I broke my abstinence three months ago; after 22 relatively clean years. This is what I was thinking, in the months before the break: I’m set. My food is in place and has been for decades. I do as much as I have to, to stay abstinent. I don’t need to go nuts with it; I’m just not that bad. I can switch my focus to another program that helps with the problem that’s paining me the most right now. I’m fine with one OA meeting per week, step 11 most days, and step 10 when I’m in a twist. I’ve done Big Book Step Study, I’m beyond the OA tools, beyond being sponsored, who’s going to sponsor the great, highly-recovered me? I’ve got it, I’m good to go.

But then, God smacked me upside the head. I’d slept too late to have breakfast that one April morning, because I’d been up so late the night before, so I decided to start with lunch and have my breakfast after supper. And now here I was at 2:00 AM, again, in a wildfire of self-will, again, working on a cherished dream – and I still hadn’t eaten that postponed meal.

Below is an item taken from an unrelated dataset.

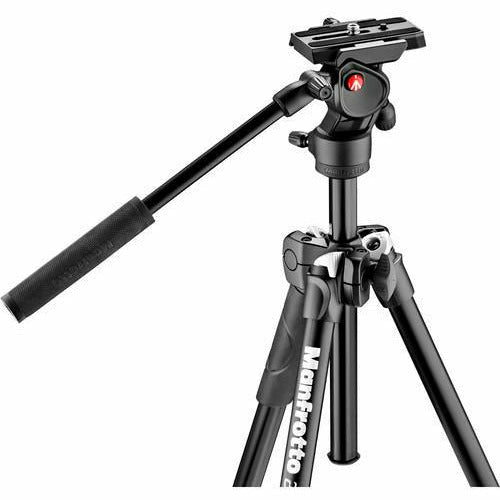 Manfrotto Light Tripod Kit Video 290 Light with MVH400AH fluid head 4kg payload - Dragon Image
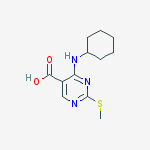 5-Pyrimidinecarboxylic acid, 4-(cyclohexylamino)-2-(methylthio)-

I was banging away at my computer, glancing at the clock, and saying, just this one more thing, until I realized that I had to be up at 9:00, and I still had stuff to do before bed. I had a choice: eat my third meal and be seriously sleep deprived or surrender the meal and go to bed. I asked God what was less crazy and surrendered the meal. And woke up the next day, knowing I wasn’t abstinent anymore.

I’d had some slippery moments in the months before that. I’d talked them over with an OA buddy, and simply resumed. It was fine, I thought. I had a sponsee, I did service at my one meeting. I had read the Big Book so many times I had chewed all the juice out of it, and the other literature didn’t seem to be speaking to me. My problem was unmanageable time, not unmanageable food. I thought my food was safe.

Do you know what it feels like to stand up in a canoe on the water? In the months before my break, that’s how I felt. I was on an emotional high, because of the progress I’d been making on a long-held ambition. I was standing in a teetering canoe on a fast-running stream. But the morning after surrendering my third meal, I wasn’t in that canoe anymore. I was in the water and being swept toward the falls. I felt the pull of all the addictive foods I hadn’t tasted in 22 years. I knew that if I didn’t get a sponsor, NOW, I’d go over, and who knows if I’d ever get back?

But, if I got a sponsor, she might object to my food plan. And she’d tell me to spend time on tools again – three meetings a week, literature, action plan, and the most dreaded tool of all, the telephone. I hesitated. “To be doomed to an alcoholic death or to live on a spiritual basis” (as the Big Book says on p44) “are not always easy alternatives to face.”

Thank You, God, I found willingness to call someone who read me the riot act. Chastened, I called someone gentler and asked her to sponsor me. I’m so grateful to God and to that woman that she said yes. And, amazingly, OA is interesting to me again! Yes, it’s the same old stuff, but I’m still the same old compulsive overeater. My way still doesn’t work. I still need the tools and the steps. I AM that bad. I still can’t do it by myself. And, by the grace of God, I don’t have to.